The financial threshold for creditors serving a statutory demand on a debtor under the Insolvency Act 1986 is due to be increased. From 1 October 2015 a creditor will need to be owed at least £5,000 of undisputed debt (rather than £750 as at present) before a statutory demand can be served. Also, landlords will be well aware that the remedy of distress - whereby a landlord could instruct bailiffs to seize a tenant’s goods as security for rent arrears - was abolished in April 2014. This new change will serve to further reduce landlords’ options when attempting to recover rent arrears from tenants.
The service of a statutory demand on a tenant is a quick and inexpensive method of recovering rent arrears of £750 or more where there is no dispute as to the debt claimed and particularly when the tenant has assets available. The tenant debtor will have 21 days in which to settle the debt before the landlord creditor can bring insolvency proceedings. The threat of insolvency is a significant one and is therefore often a very effective method of persuading a non-paying tenant to settle its debts promptly.

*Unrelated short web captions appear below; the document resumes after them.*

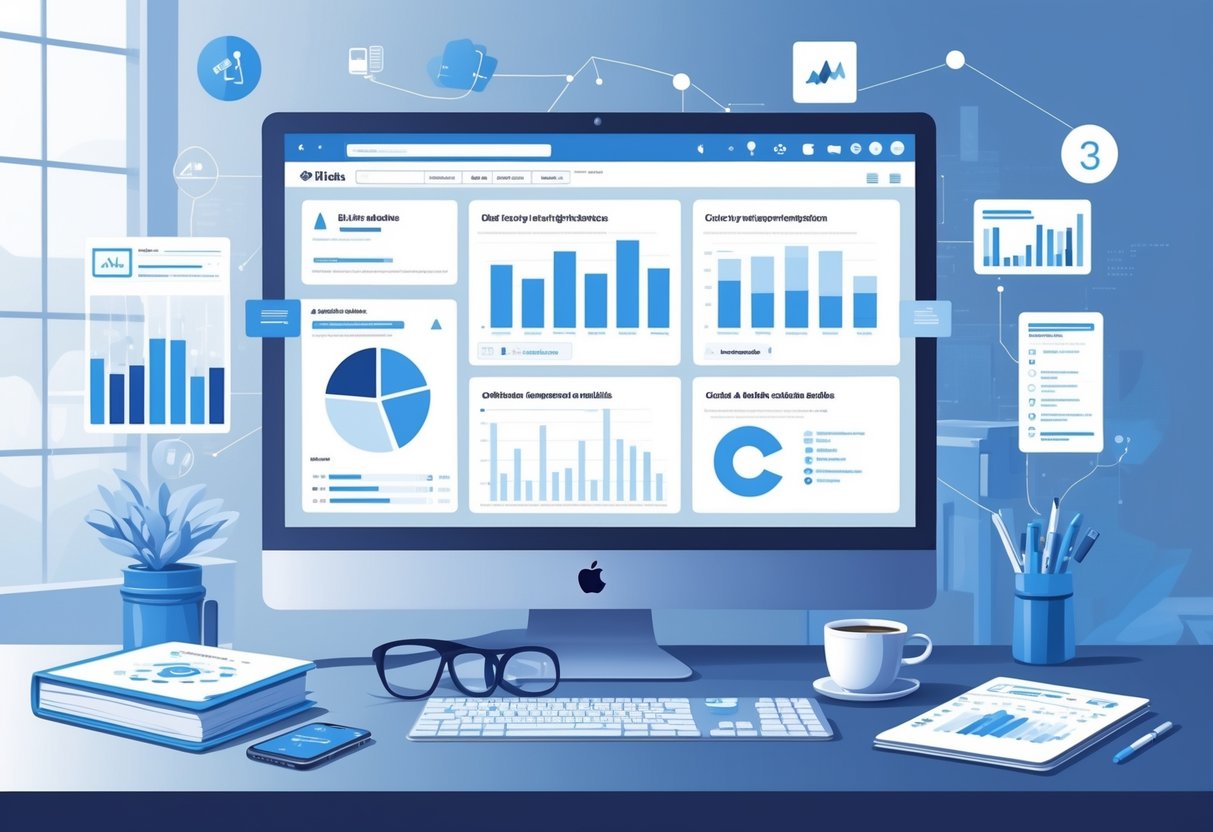 A workspace with a computer showing a GitHub profile dashboard featuring charts, graphs, and code, surrounded by analytics-related items like a notebook, coffee cup, and icons representing data and coding.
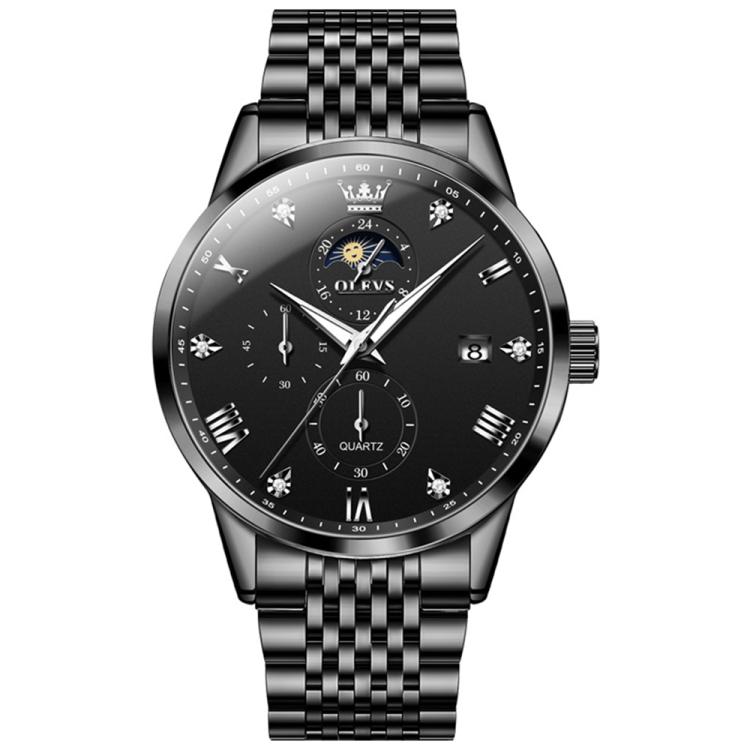 OLEVS 2925 Men Multifunctional Waterproof Luminous Quartz Watch(Black)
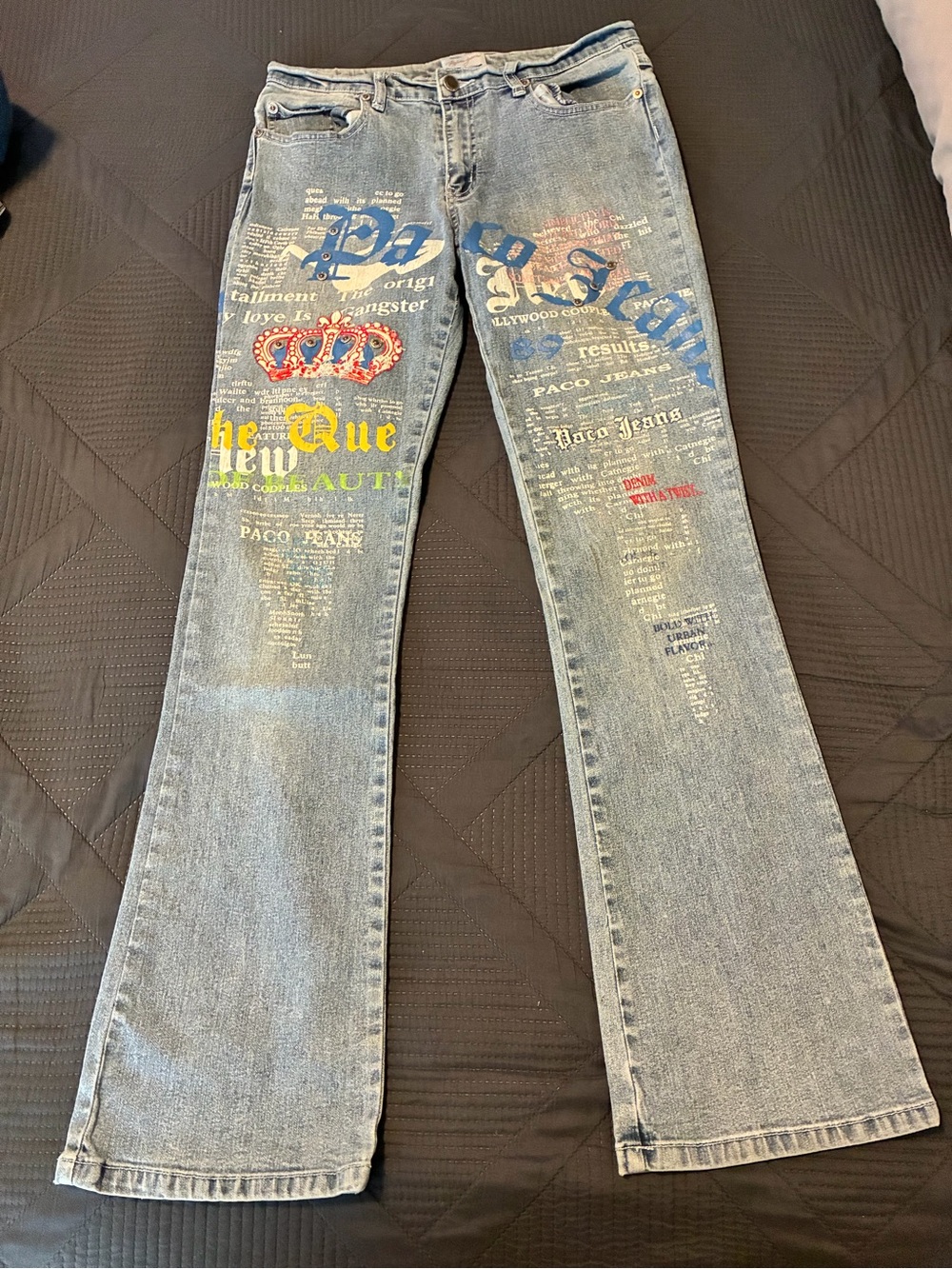 Graphic Light Blue Flare Jeans with Multicolor Prints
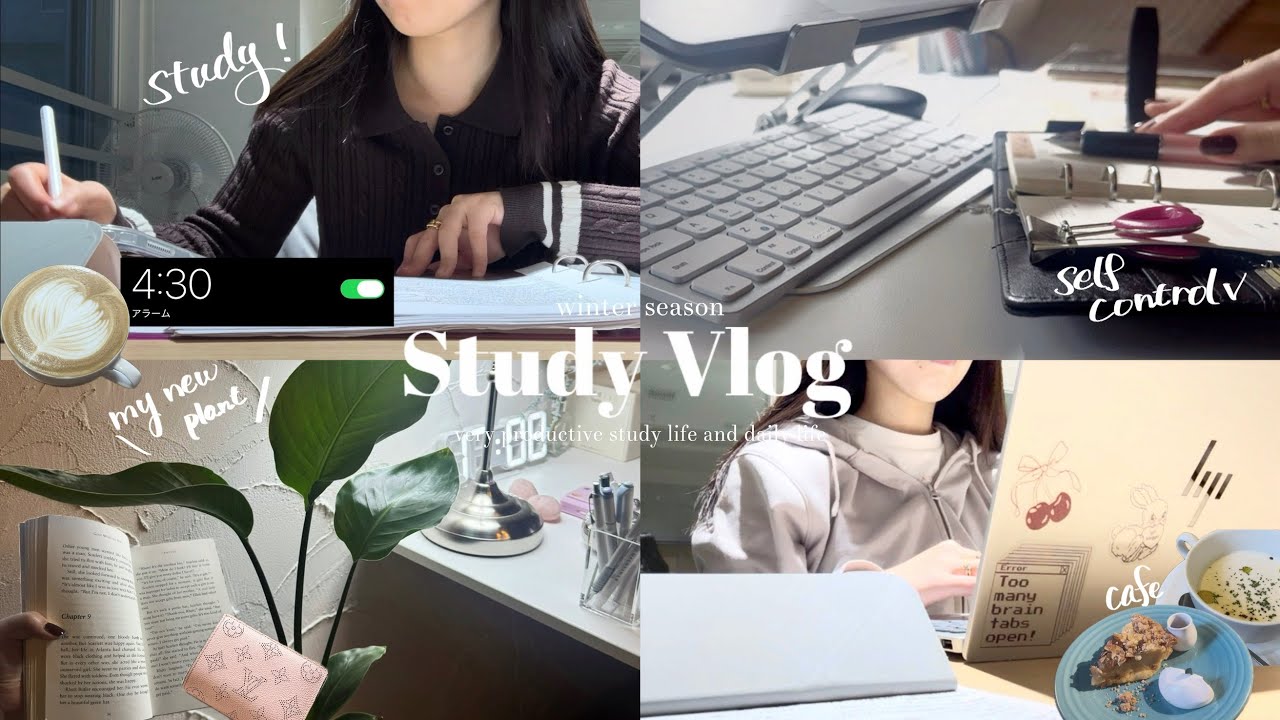 ENG) study vlog /4:30起きで 試験を受ける薬学生💊10時間勉強 /定期試験の結果 /カフェ巡り☕️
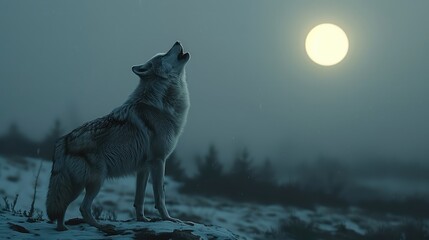 Lone Wolf Howling at the Moon, Freeze the hauntingly beautiful moment of a lone wolf howling at the moon, evoking a sense of mystery and solitude
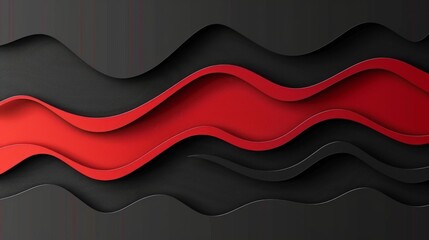 Abstract background with a wavy red paper strip on top of a black paper strip. This design can be used as a mockup for presentations, websites, or social media.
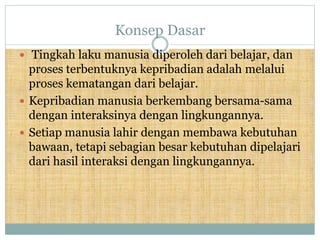 Konsep Dasar
 Tingkah laku manusia diperoleh dari belajar, dan
proses terbentuknya kepribadian adalah melalui
proses kematangan dari belajar.
 Kepribadian manusia berkembang bersama-sama
dengan interaksinya dengan lingkungannya.
 Setiap manusia lahir dengan membawa kebutuhan
bawaan, tetapi sebagian besar kebutuhan dipelajari
dari hasil interaksi dengan lingkungannya.
 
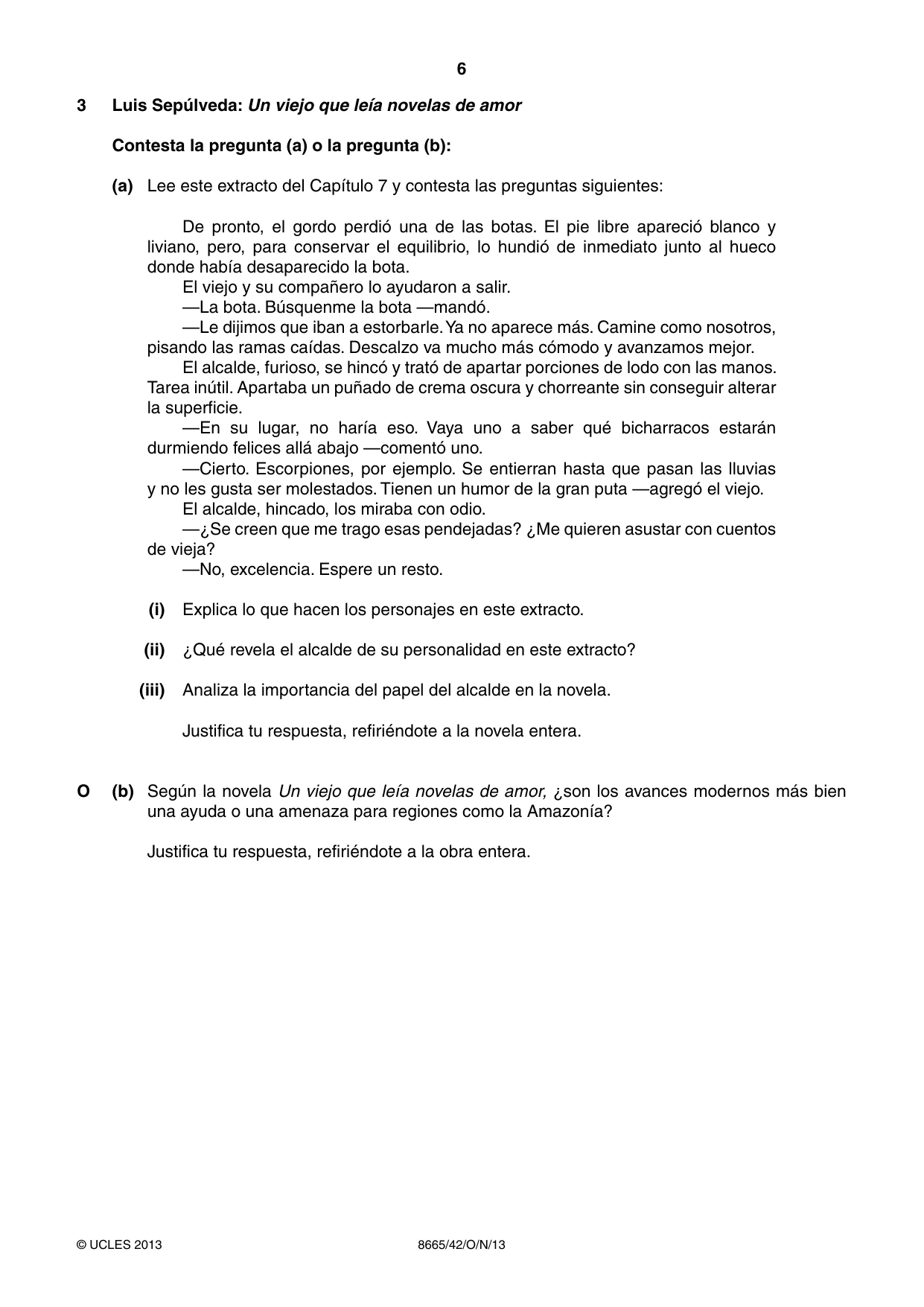 Cambridge A Level Spanish - First Language (AS Level only) 8665 2013 Oct/Nov Paper 4 · Variant 2 question paper, page 6 of 8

The rationale for the increase in the limit is to prevent the serious consequence of insolvency for what can be relatively minor debts. The result is that landlords will have fewer remedies available for recovery of rent arrears less than £5,000.
The statutory Commercial Rent Arrears Recovery procedure ("CRAR") was introduced in April 2014 in place of the remedy of distress in relation to commercial tenancies. Distress was a relatively quick, low-cost and effective method of recovering arrears. The CRAR procedure is more convoluted and, as a result, is more expensive and time-consuming for landlords.
After 1 October 2015, where there are rent arrears which total less than the proposed statutory limit of £5,000, the methods of recovery available to a landlord will include forfeiture, a money claim through the County Court, CRAR, and, where appropriate, recovery from a guarantor or by drawing down on a rent deposit.
Landlords must carefully consider their options against the specific facts of the case to assess the availability, effectiveness and potential costs involved in pursuing any particular remedy.